* [Your objective]:
Could you copy the records below exactly, leaving out any pictures?

* [Given entries]:

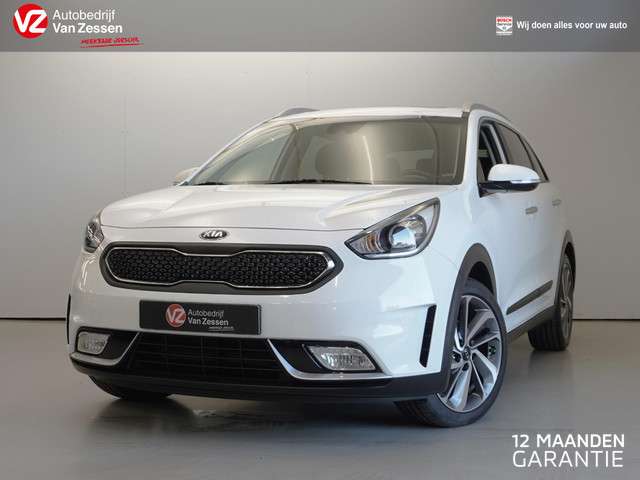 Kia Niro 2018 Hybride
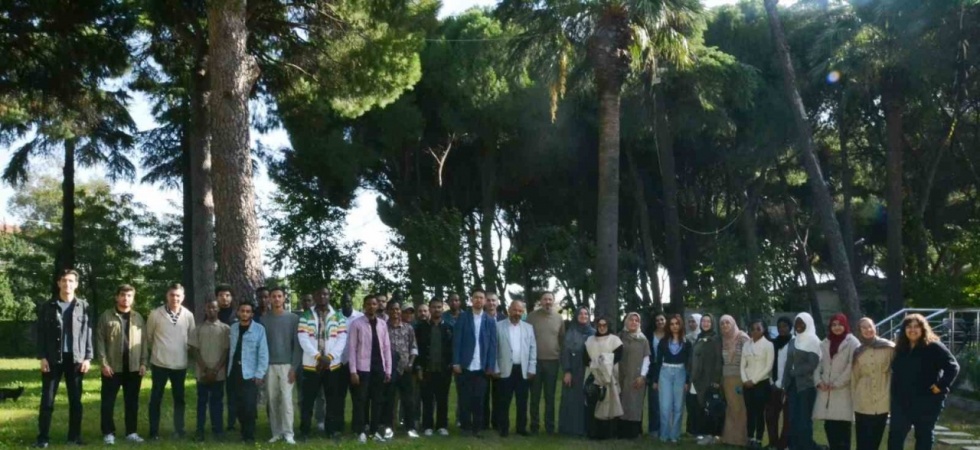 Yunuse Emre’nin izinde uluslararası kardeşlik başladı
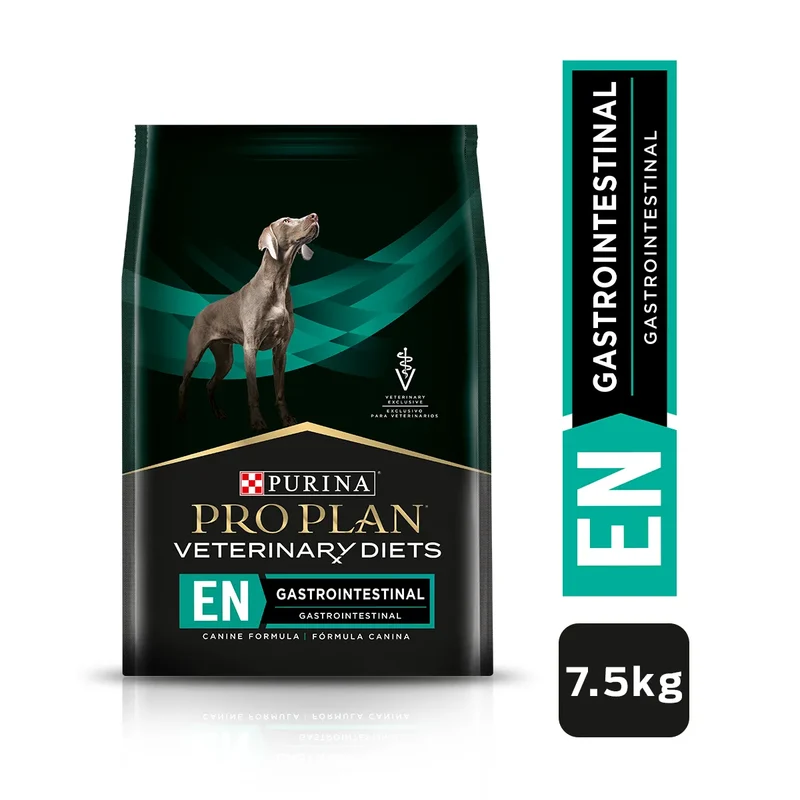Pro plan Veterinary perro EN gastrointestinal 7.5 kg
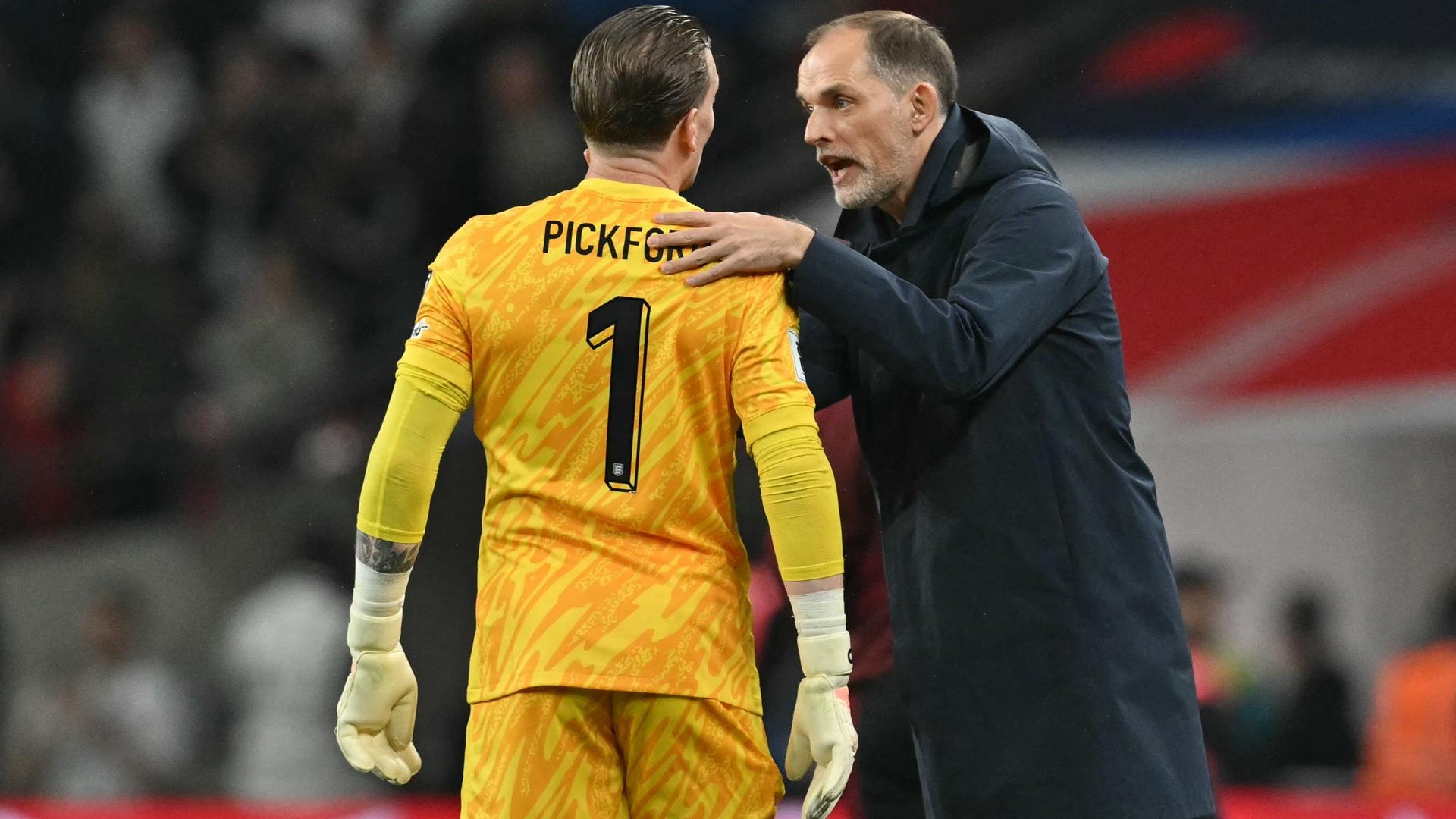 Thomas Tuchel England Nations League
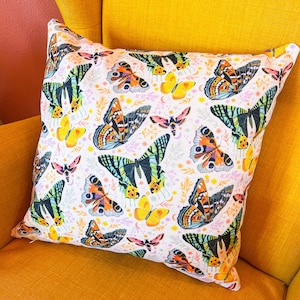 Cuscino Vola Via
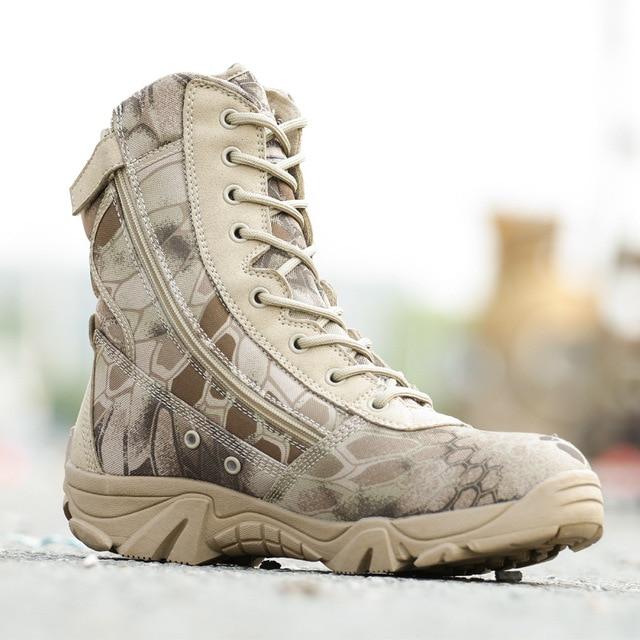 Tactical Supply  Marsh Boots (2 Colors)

* [Answer]:
 Kia Niro 2018 Hybride
 Yunuse Emre’nin izinde uluslararası kardeşlik başladı
Pro plan Veterinary perro EN gastrointestinal 7.5 kg
 Thomas Tuchel England Nations League
 Cuscino Vola Via
 Tactical Supply  Marsh Boots (2 Colors)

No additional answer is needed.